This morning, Southeast Pennsylvania Transportation Authority's regional rail system went on strike shutting down 13 train lines that carry commuters to the suburbs and Philadelphia International Airport. The strike began at 12:01 a.m. after negotiations between SEPTA and two unions failed to reach a new contract deal. Subways, trolleys and buses operated by SEPTA will continue to run. The Brotherhood of Locomotive Engineers and Trainmen (BLET) and the International Brotherhood of Electrical Workers (IBEW) walked out when talks broke down after negotiations between the Southeast Pennsylvania Transportation Authority and two unions failed to reach a new contract deal.
Stephen Bruno, vice president of the Brotherhood of Locomotive Engineers and Trainmen, stated that "Asking for extension in time, without any movement toward closure is really pointless.
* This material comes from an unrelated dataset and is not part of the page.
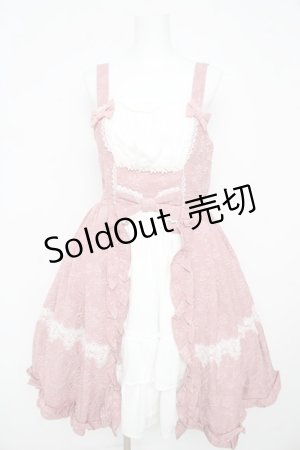 画像: axes femme kawaii / メアリージャンパースカート M ピンク Y-26-02-09-137-AX-OP-SZ-ZY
It would be an extension for the sake of extension.” He said they are seeking raises of at least 14.5 percent over five years — or about 3 percentage points more than SEPTA has offered. "Asking for extension in time, without any movement toward closure is really pointless. It would be an extension for the sake of extension."
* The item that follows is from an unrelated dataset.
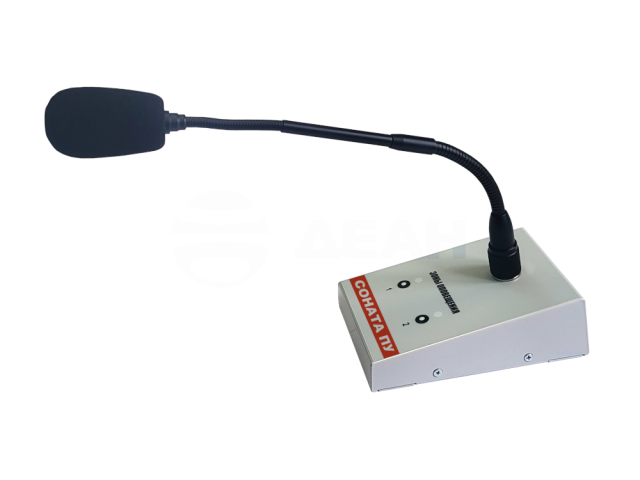 Соната-ПУ пульт управления речевым оповещением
This strike comes at a time when commuters already have difficulty getting around. The commuter lines that carry PATCO commuter trains between Philadelphia and southern New Jersey are being replaced over the Ben Franklin Bridge, affecting not only the train schedule but also car traffic on the busy bridge. To make matters even worse, Interstate 495 in Delaware is undergoing emergency repair work throughout the summer due to the shifting of the foundation and now work is being done to temporarily shore up the leaning bridge supports, before tackling permanent repairs to the foundation and replacing two sets of piers.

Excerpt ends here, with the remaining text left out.